● Dataset content

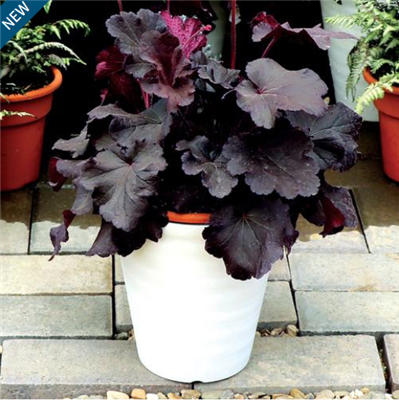 Heuchera 'Northern Exposureâ„¢ Black'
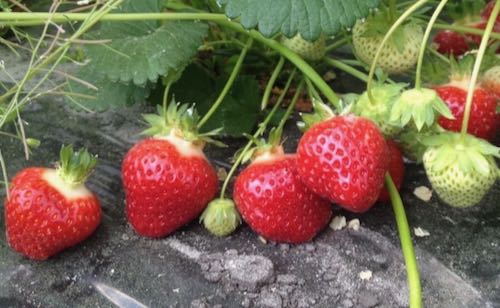 fraisier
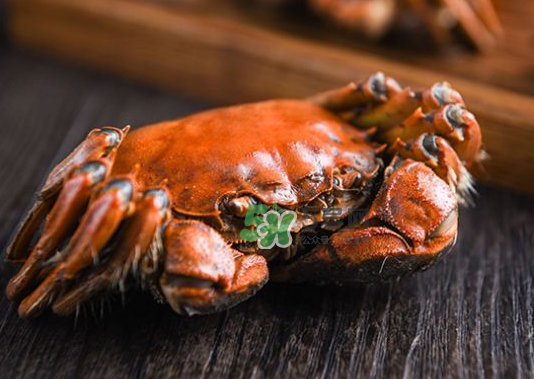 大閘蟹煮熟了能放多久？大閘蟹煮熟了可以冷凍嗎？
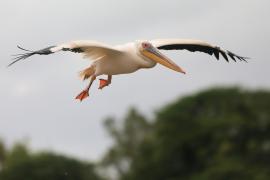 Pelikan różowy - Pelecanus onocrotalus - Great White Pelican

● Work to complete
Every line above is to be duplicated exactly; no picture should be carried over.

● Finished exercise
 Heuchera 'Northern Exposureâ„¢ Black'
 fraisier
 大閘蟹煮熟了能放多久？大閘蟹煮熟了可以冷凍嗎？
 Pelikan różowy - Pelecanus onocrotalus - Great White Pelican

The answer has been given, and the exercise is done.